12. Get Better Lighting

Brighter spaces look cleaner and more inviting. Install LED light fixtures to lighten up spaces and reduce energy costs for you and your renters. Dimmer switches are another easy upgrade that most investors can take care of themselves.

13. Be Smarter

Smart home technology like programmable thermostats, keyless entry systems, and security cameras appeal to tech-savvy tenants and buyers. Look for options that accommodate multiple users and can be easily reprogrammed.

14. Upgrade Outdoor Living

Outdoor living came into the spotlight during the height of the COVID-19 pandemic as many looked to outdoor entertaining as a safer alternative.

If your townhome’s outdoor space has seen better days, plan to improve balconies or patios. Add built-in seating areas if possible, and consider a firepit, small garden area, and fencing to attract young families or people with pets.

15. Invest in Energy Efficiency

Some energy investments like Energy Star appliances or more efficient HVAC systems can cost thousands of dollars, but that doesn’t mean more wallet-friendly and ROI-focused options aren’t available.

While budgeting for major improvements, take small steps toward energy efficiency.

Upgrade the windows, add attic and basement insulation, and make sure all windows, walls, and doors are properly sealed.

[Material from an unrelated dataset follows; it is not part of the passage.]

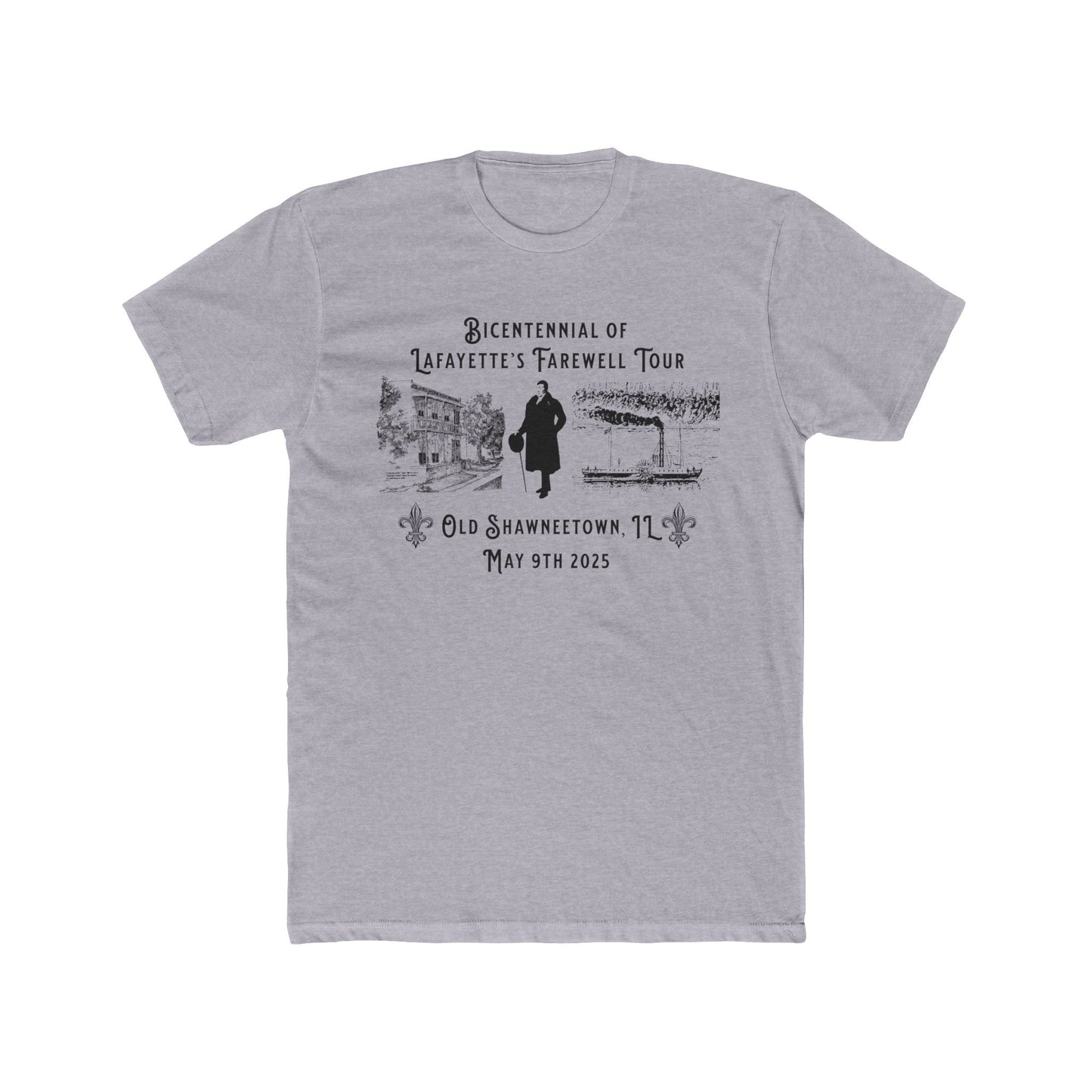 Bicentennial of Lafayette’s Farewell Tour Old Shawneetown Tee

These small improvements are budget-friendly and appeal to environmentally-conscious tenants or buyers.

Plan Ahead — Upgrade Over Time for Maximum ROI

Upgrading an investment property to achieve the maximum ROI can be stressful — and expensive. If you’re upgrading on a budget and want to get the most out of your improvements, start small and save for larger ticket items that take longer but yield solid, reliable returns.

If you can’t renovate a bathroom right now, swap out the fixtures, paint, and be on the lookout for deals on tubs, toilets, and sinks for when the time is right. No room in the budget for a two-story deck off the back of the townhouse? Invest in a multi-stage, two-story building plan that can be completed in phases.

The key to a solid return on your capital investment is good research and careful planning.